Вольфганг вошел в театр с первыми аккордами увертюры, вошел, как был, в шубе и остановился возле оркестровой ямы, чтобы иметь возможность слушать, самому оставаясь незамеченным. Начался первый акт, и он был весь поглощен исполнением певцов. Порой ему нравились те или иные пассажи, порой голоса его разочаровывали. Постепенно, сам того не замечая, он придвигался все ближе и ближе к оркестру, весь во власти музыки, напевая про себя отдельные фразы то тихонько, то довольно громко, и мало-помалу странное поведение этого маленького человечка в поношенной шубе возбудило любопытство публики. Он стоял вплотную к оркестру, когда Педрильо запел свою арию: «Frisch zum Kampfe» («Ну, на битву»).

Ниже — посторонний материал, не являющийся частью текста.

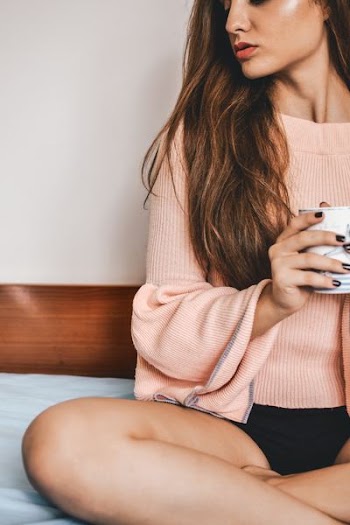 woman holding mug sitting on bed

И вдруг Вольфганг обнаружил, что, либо режиссер получил партитуру с ошибками, либо кто-то пытался подправить гармонию, потому что в неоднократно повторяющемся рефрене «Nur ein Feiger».(«Медлить может только трус») вторые скрипки каждый раз брали ре-диез вместо ре-бекара.
Не в силах больше терпеть, Вольфганг крикнул:
– Да ре-бекар же, черт вас возьми!
Все взоры обратились к нему, и кое-кто из музыкантов его узнал: «Моцарт в зале!» – молниеносно пронеслось по рядам. Это смутило певцов, и Генриетта Бараниус, исполнявшая Блондхен, отказалась выйти на сцену. Дирижер сказал об этом Вольфгангу, и он пошел за кулисы.
Генриетта была самой хорошенькой и самой обольстительной из всех примадонн, которых Вольфганг когда-либо встречал. Она кокетливо улыбнулась ему, когда он вошел в ее уборную, и он подумал, что отказ выйти на сцену был просто уловкой, чтобы с ним познакомиться. Но он оставил без внимания явное кокетство примадонны и, придав своему голосу начальственную строгость, сказал:
– Не понимаю, чего вы боитесь, мадам? Пели вы прекрасно, но если вам хочется сделать свою партию ярче и выразительнее, я готов позаниматься с вами.
Но после спектакля Вольфганг но пошел се поздравить и не появился на авансцене, несмотря на овации в его честь, сотрясавшие зал. Нарочный передал ему письмо от Станци, пересланное Долесом из Лейпцига. Нежно прижимая к груди послание, Вольфганг поспешил в гостиницу.